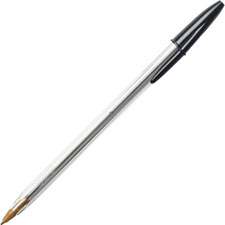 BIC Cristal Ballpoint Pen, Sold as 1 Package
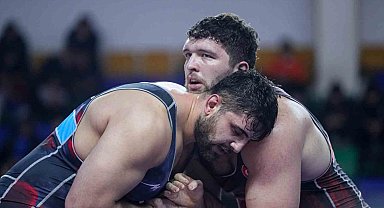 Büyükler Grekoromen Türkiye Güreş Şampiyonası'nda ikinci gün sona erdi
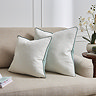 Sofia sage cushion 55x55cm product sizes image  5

- - -

* _TASK DETAILS_: In the copy, include no pictures; everything else in the material should be written out exactly.

* _WRITTEN SOLUTION_:
 BIC Cristal Ballpoint Pen, Sold as 1 Package
 Büyükler Grekoromen Türkiye Güreş Şampiyonası'nda ikinci gün sona erdi
 Sofia sage cushion 55x55cm product sizes image  5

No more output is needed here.